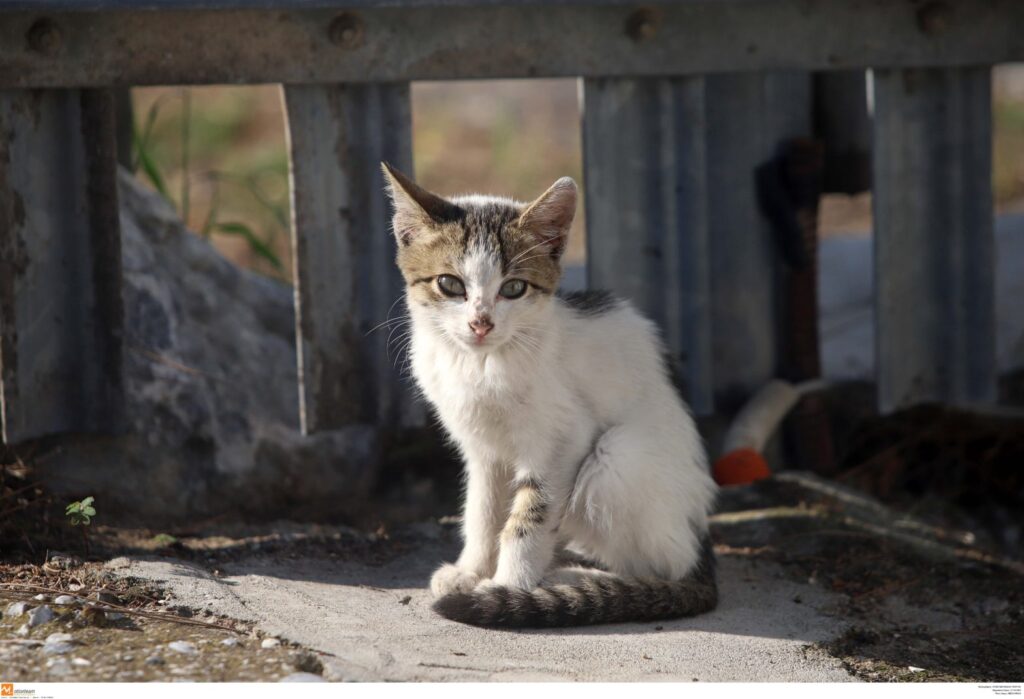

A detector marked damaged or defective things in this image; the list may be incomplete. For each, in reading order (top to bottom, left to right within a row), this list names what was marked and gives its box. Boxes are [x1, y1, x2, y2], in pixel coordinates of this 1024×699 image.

rusty bolt [26, 18, 61, 56]
rusty bolt [330, 12, 366, 50]
rusty bolt [624, 7, 656, 42]
rusty bolt [920, 1, 952, 36]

▶ TASK BRIEF:
Would you repeat each line of the listing exactly, skipping any picture?

▶ SOLUTION TO THIS PROBLEM:
A detector marked damaged or defective things in this image; the list may be incomplete. For each, in reading order (top to bottom, left to right within a row), this list names what was marked and gives its box. Boxes are [x1, y1, x2, y2], in pixel coordinates of this 1024×699 image.

rusty bolt [26, 18, 61, 56]
rusty bolt [330, 12, 366, 50]
rusty bolt [624, 7, 656, 42]
rusty bolt [920, 1, 952, 36]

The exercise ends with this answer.